Brief descriptive captions:
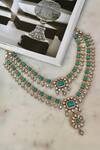 Shop_Saga Jewels_Blue Crystals, Gemstones Designer Necklace And Earring Set _at_Aza_Fashions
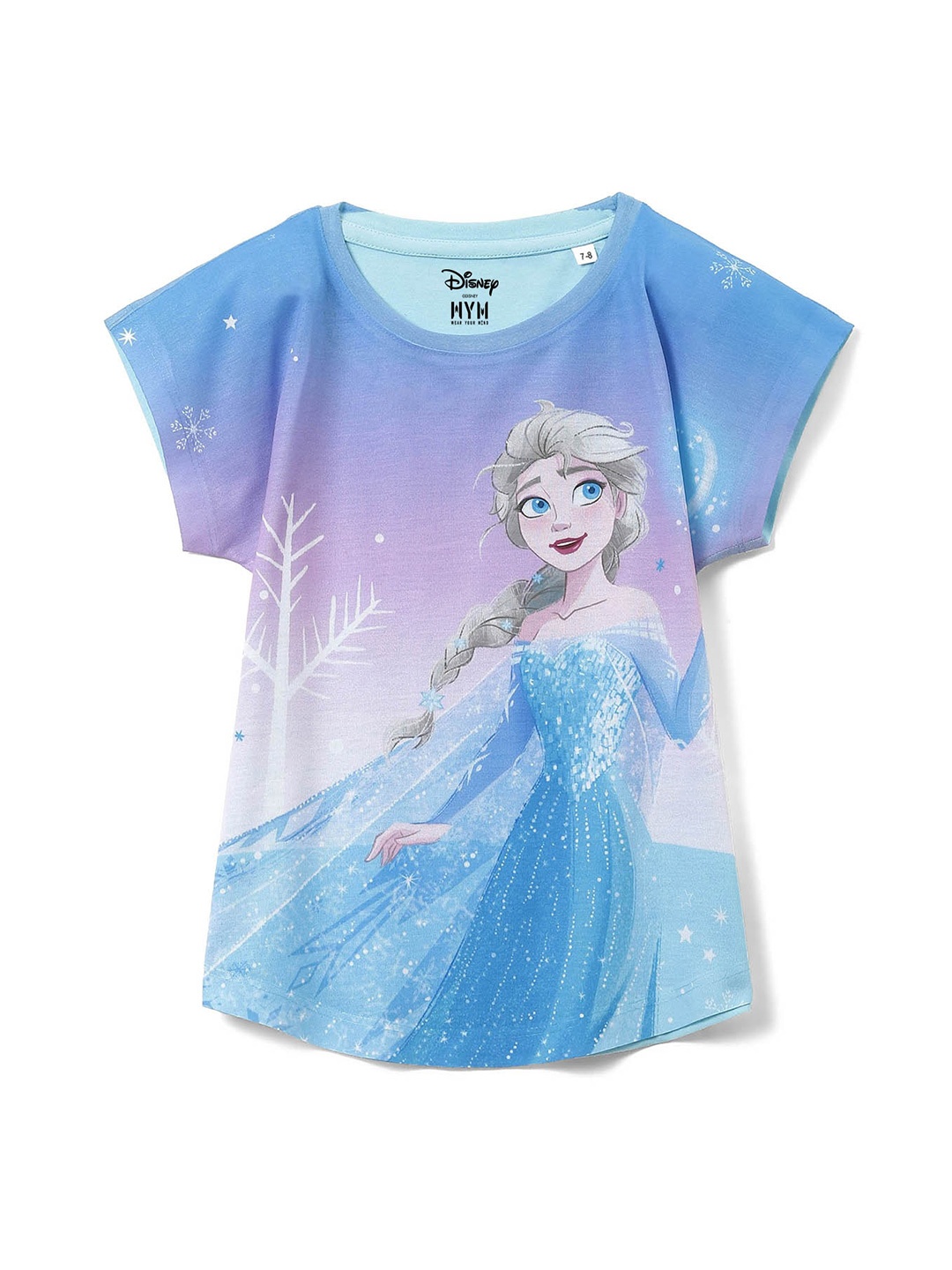 

Wear Your Mind Girls Elsa Printed Extended Sleeves Top, Blue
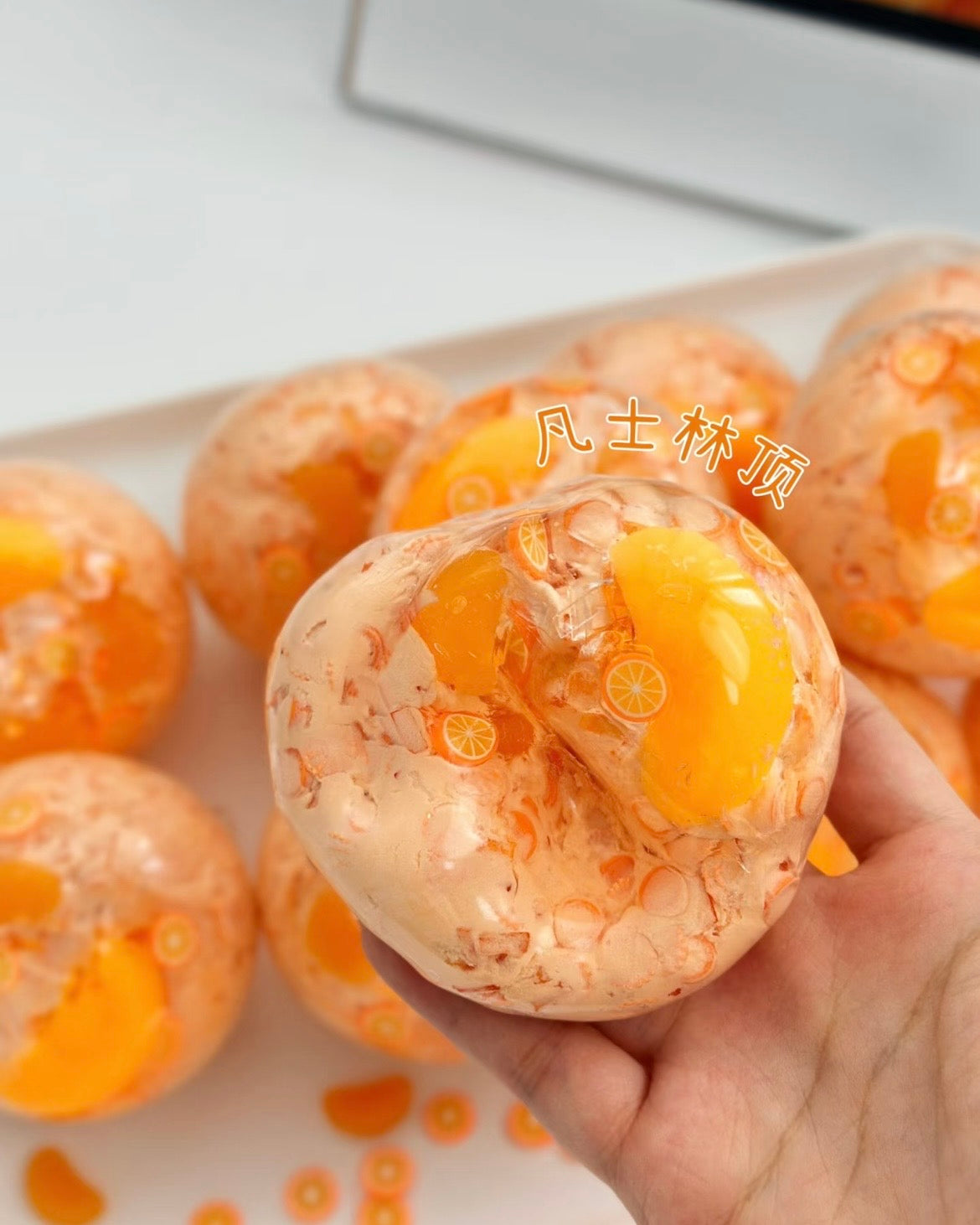 Orange Jelly Stress Ball Squishy Stress Relief Fidget Toy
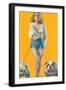 Woman Walking English Bulldogs-null-Framed Art Print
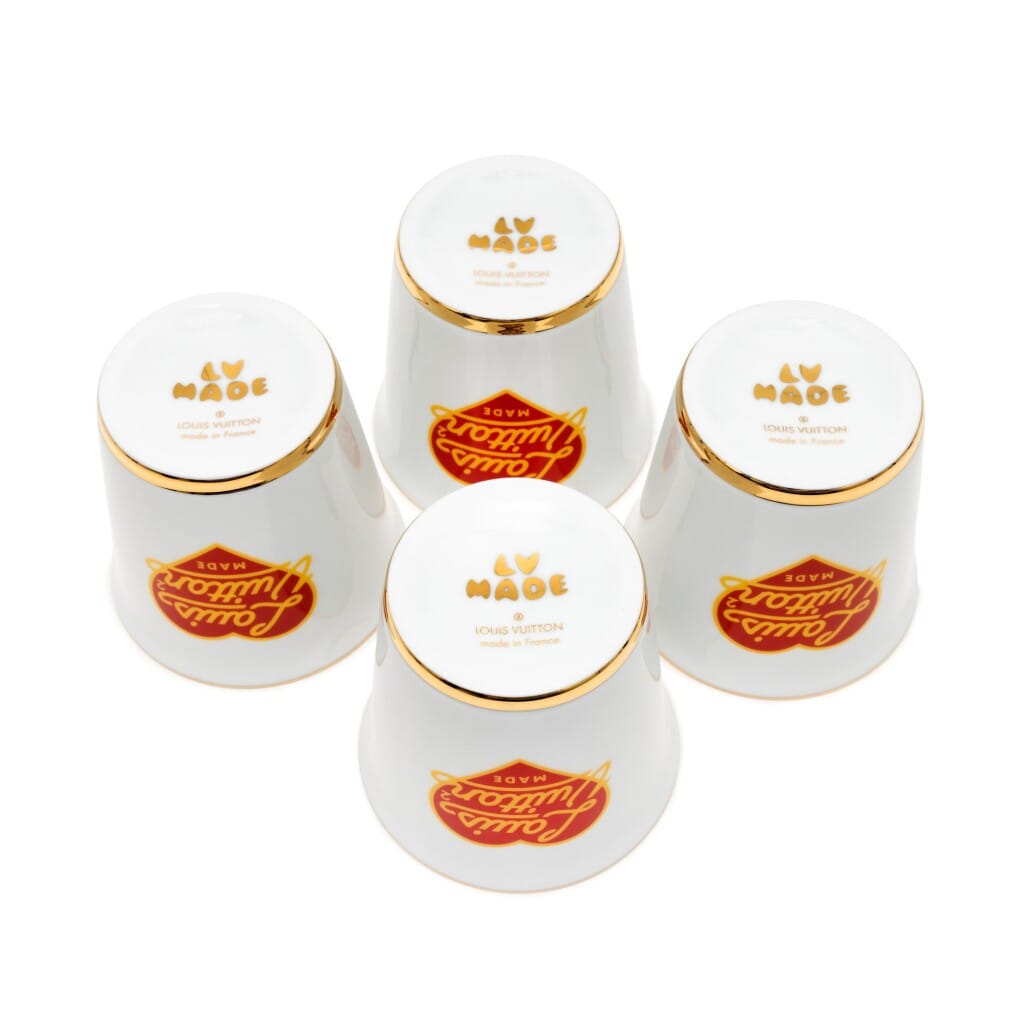Virgil Abloh NIGO Set of Four; Multicolor Porcelain Cups, 2021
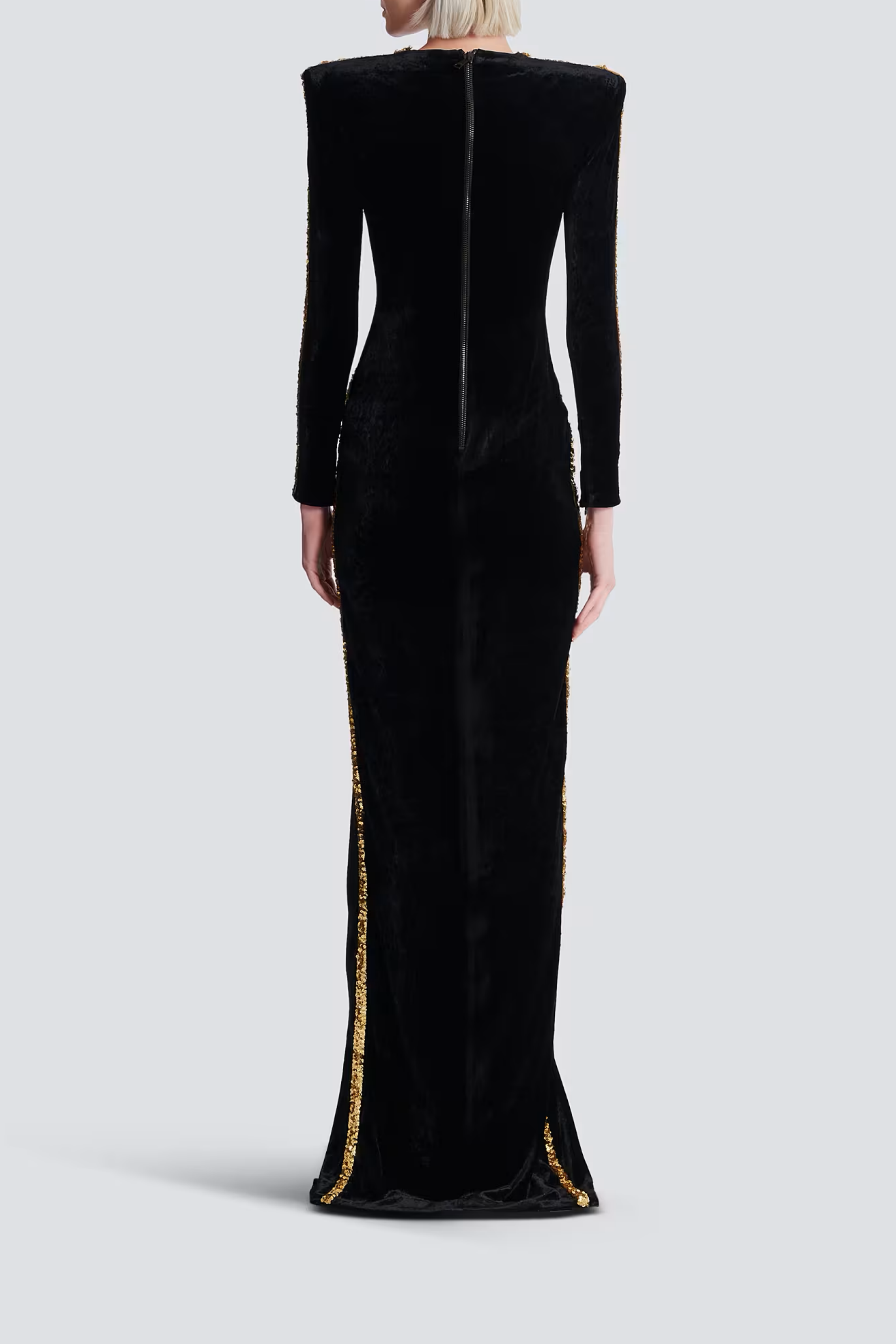 Anna Black Crystal Embellished Front Slit Maxi Dress (Final Sale-US Only)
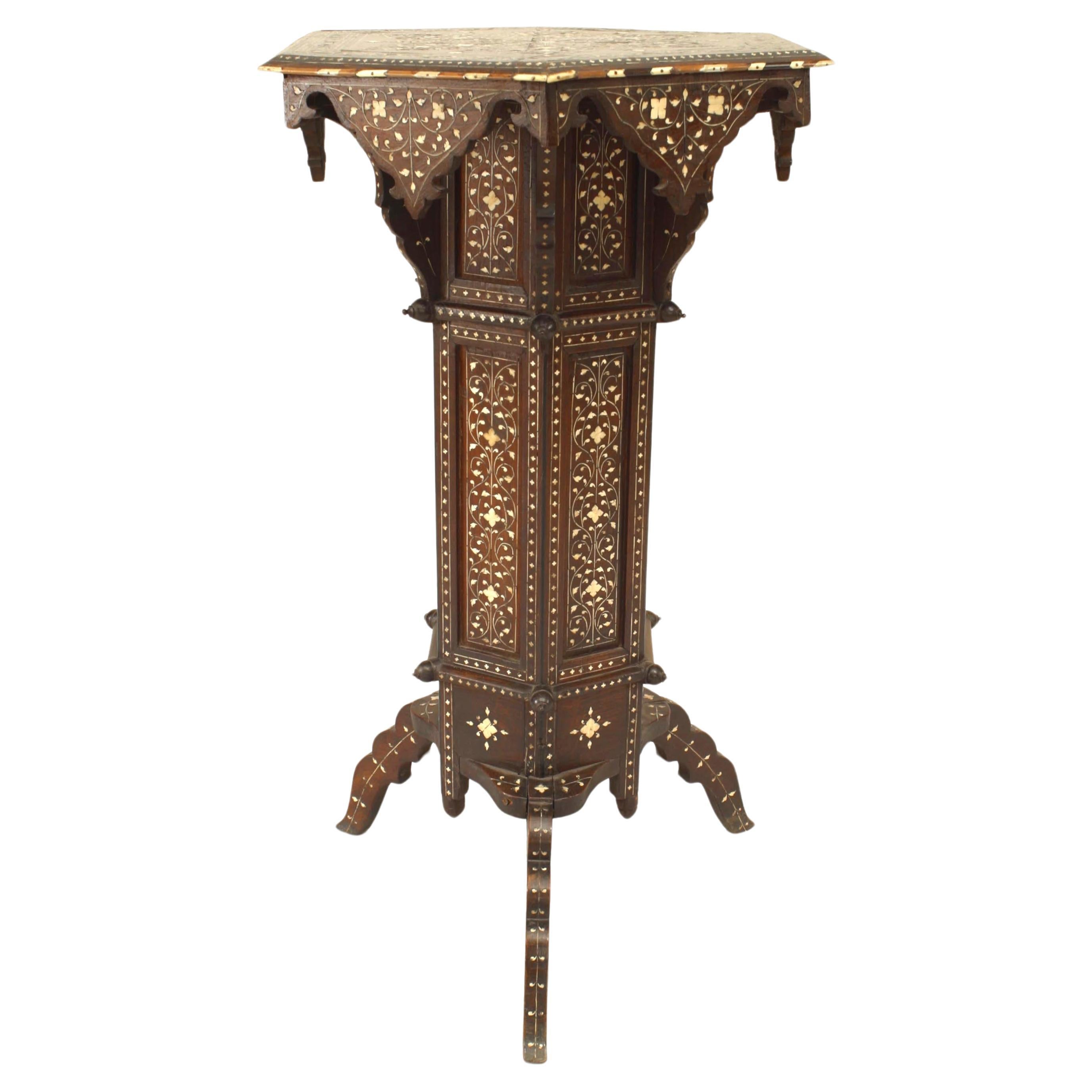 Moorish Walnut Pedestal Table with Inlaid Octagonal Top, Circa 1890 For Sale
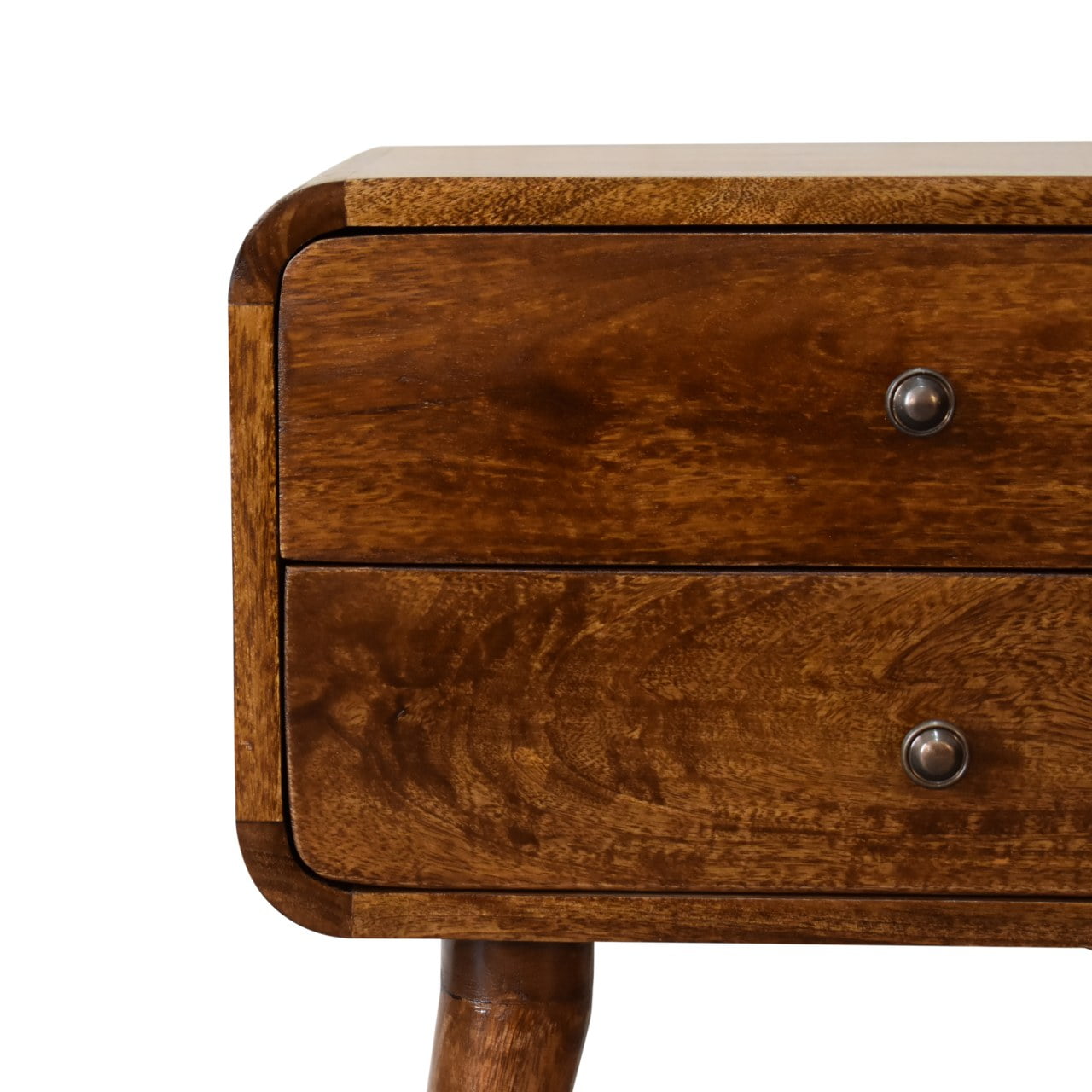 Chestnut Bedside Curved
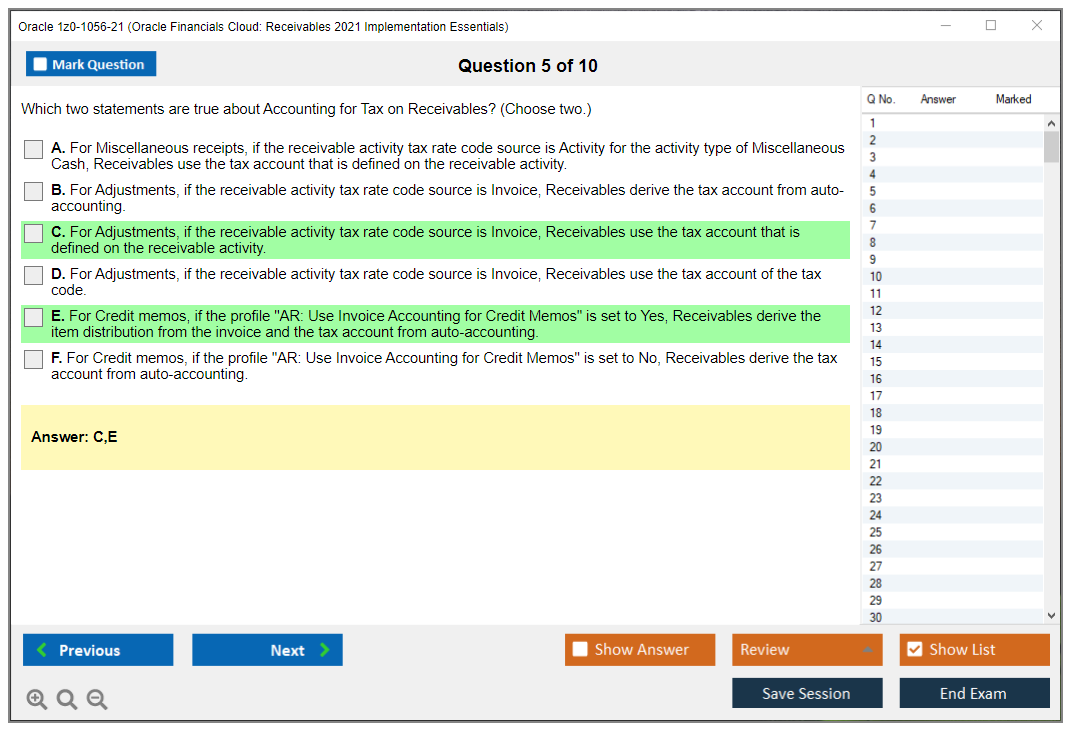 Oracle 1z0-1056-21 Oracle Financials Cloud: Receivables 2021 Implementation Essentials Practice test exam simulator test engine exam dumps questions answers Image 5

YOUR OBJECTIVE:
Please set down only the lines from the one containing "Virgil Abloh NIGO" through the end of the entries, exactly as they stand, both ends included and with no pictures.

ANSWER BOX:
Virgil Abloh NIGO Set of Four; Multicolor Porcelain Cups, 2021
 Anna Black Crystal Embellished Front Slit Maxi Dress (Final Sale-US Only)
 Moorish Walnut Pedestal Table with Inlaid Octagonal Top, Circa 1890 For Sale
 Chestnut Bedside Curved
 Oracle 1z0-1056-21 Oracle Financials Cloud: Receivables 2021 Implementation Essentials Practice test exam simulator test engine exam dumps questions answers Image 5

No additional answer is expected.